"Primer premio: una novela inédita de Alfonso Vila Francés"

"Primer premio: una obra inédita de Alfonso Vila Francés"

Capitulo primero

Puse la tele a mediodía y estaban haciendo uno de esos asquerosos documentales de animales. La apagué. Leí un rato. Escribí. A la hora de cenar volví a poner la tele y estaban haciendo uno de esos asquerosos resúmenes de fin de año. Faltaban tres días para Nochevieja y todos los programadores de televisión estaban empeñados en recordarnos todas las desgracias acontecidas en el último año. Me vestí y salí a la calle. No se cómo acabé en el restaurante donde trabajaba Laura, la amiga de mi sobrina. Entré a cenar. No sabía si estaría ella pero nada más entrar la vi y me vio. Me senté lejos de la barra y pedí la cena.

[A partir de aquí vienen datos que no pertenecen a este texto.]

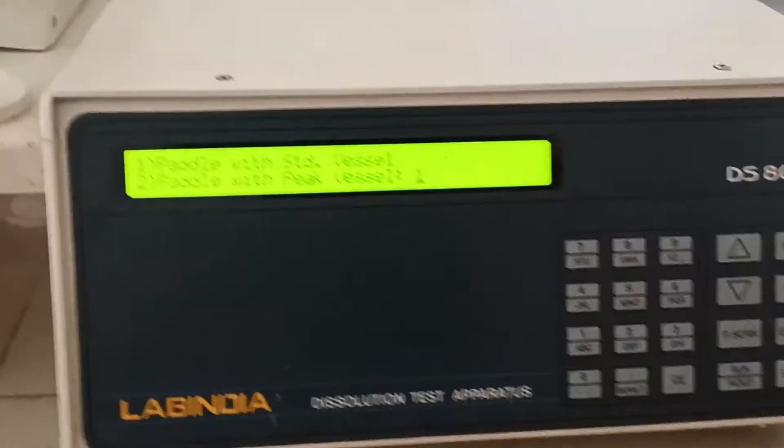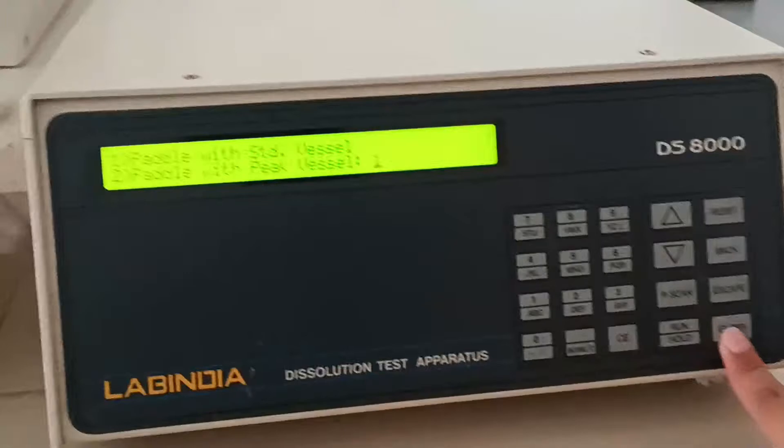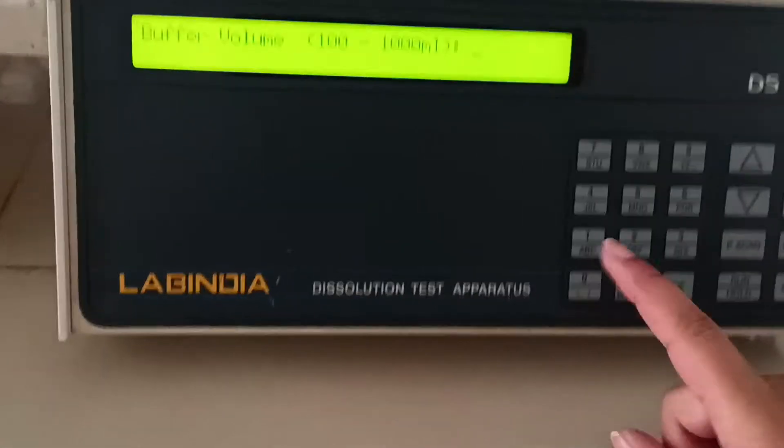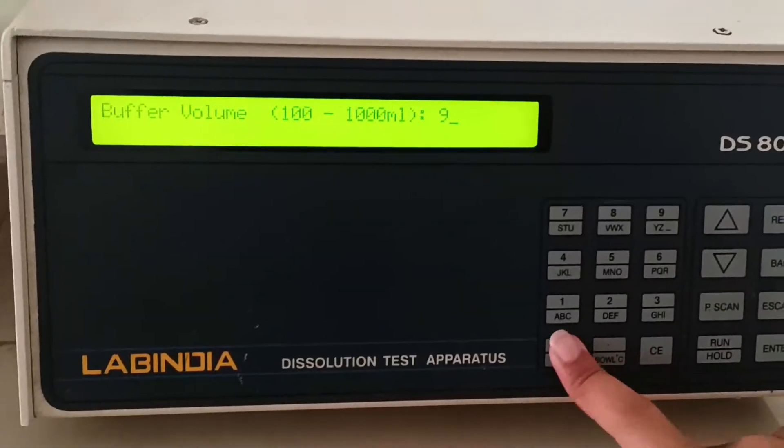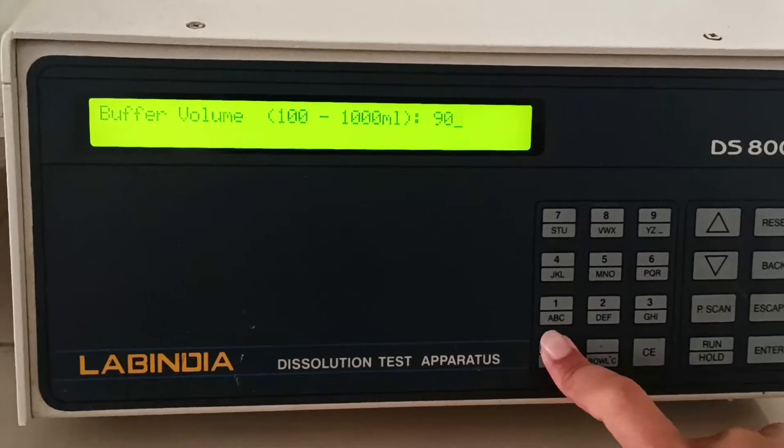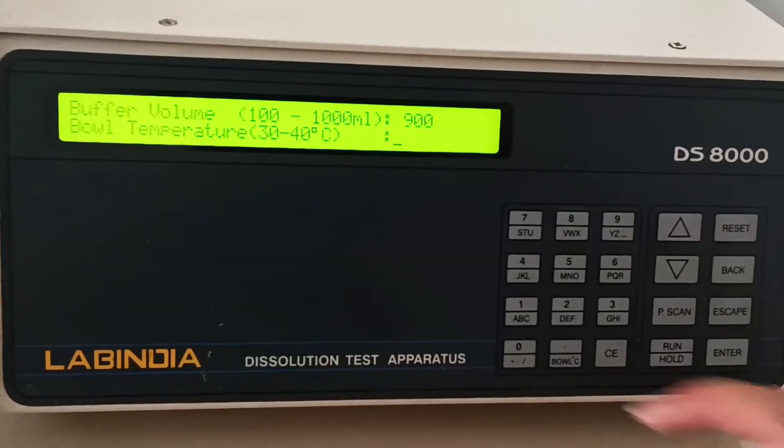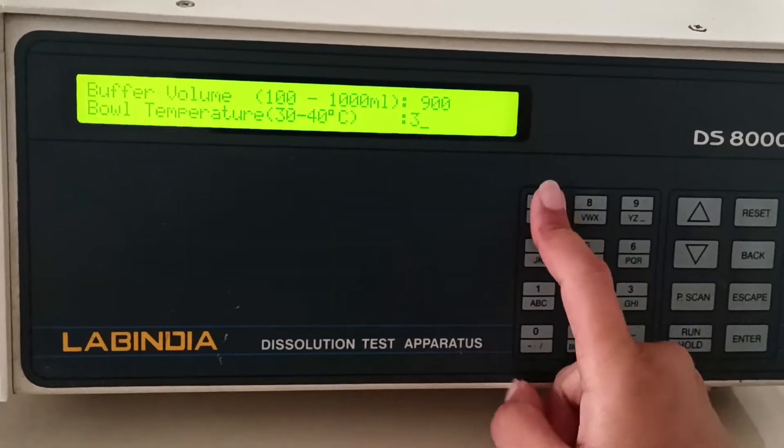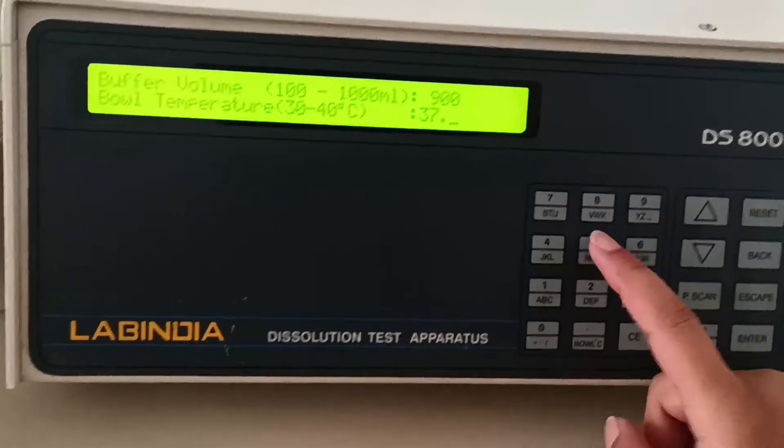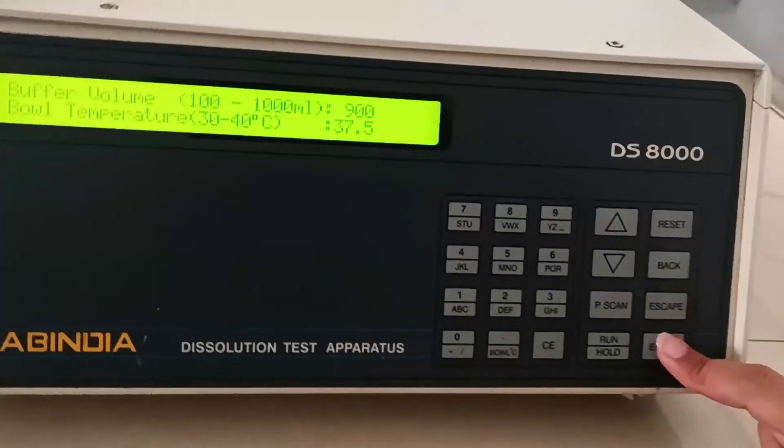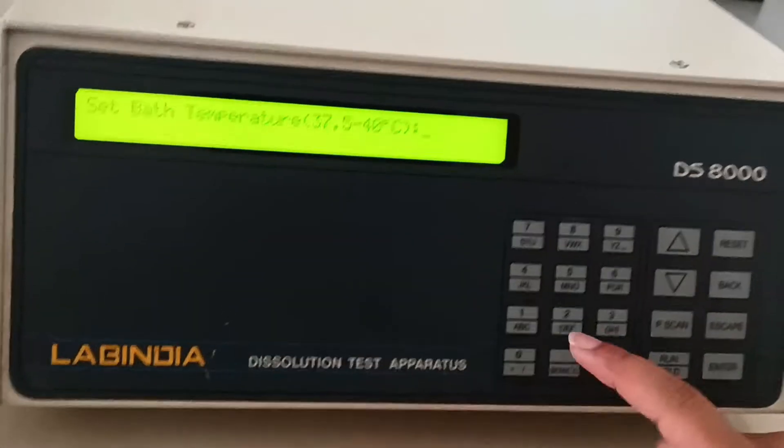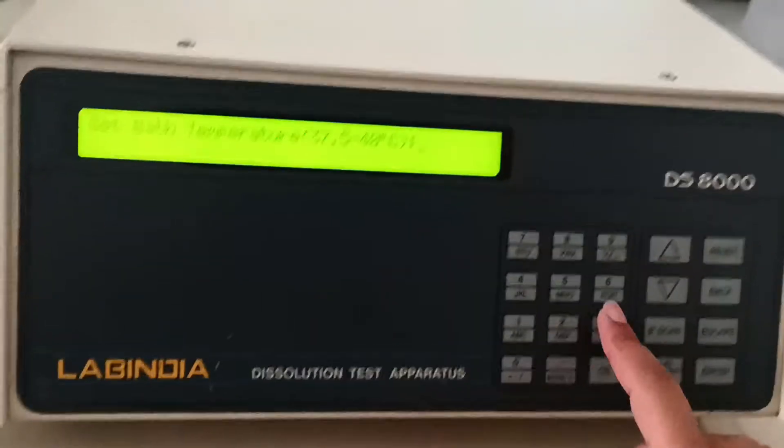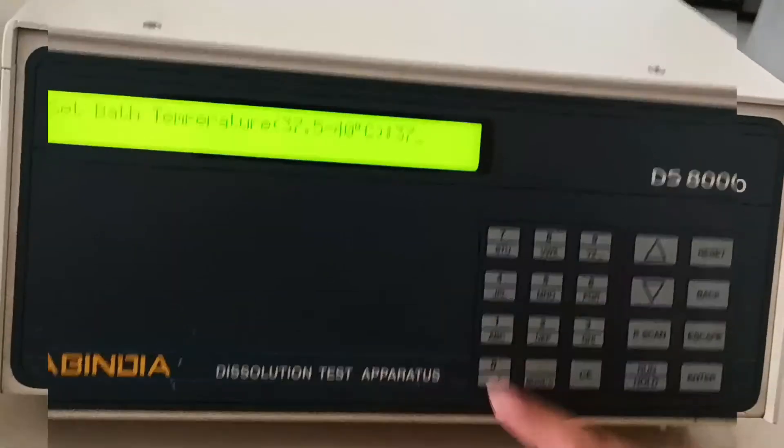Then press number two because in the paddle the vessel strength is number one. Set the strength to 25. Then enter how much buffer volume you want - 900ml. For temperature, enter how much you have implemented, like 36, 37, or 37.5.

Cené bien. Y bebí muy bien. Buen vino. Me subió a la cabeza y empecé a decir tonterías. Había muy pocos clientes. Hacía mucho frío. Y viento. Era un día que no apetecía salir. La gente se estaba reservando para la fiesta de nochevieja. Como el restaurante estaba medio vacío ella podía venir a hablar conmigo o podía entretenerse mientras recogía o traía mis platos. La cuestión es que, no se cómo, yo no soy tan directo, menos las primeras veces, acabé metiéndole mano. En realidad lo único que hice fue posar sutilmente, todo lo sutilmente que mi torpeza natural y mi estado semietílico me permitió, mi mano en su pierna y acariciar su fina y agradable media negra. Luego subí un poco más, hasta donde mi mano se perdía debajo de su falda negra lisa y ajustada, su sensual falda de camarera, y ella respondió juntando sus muslos y atrapando mi mano entre la calidez y la blandura de su carne, un lugar estupendo donde dejar descansando la mano, desde luego, pero mi excitación me impelía a ir más arriba y así se lo dije.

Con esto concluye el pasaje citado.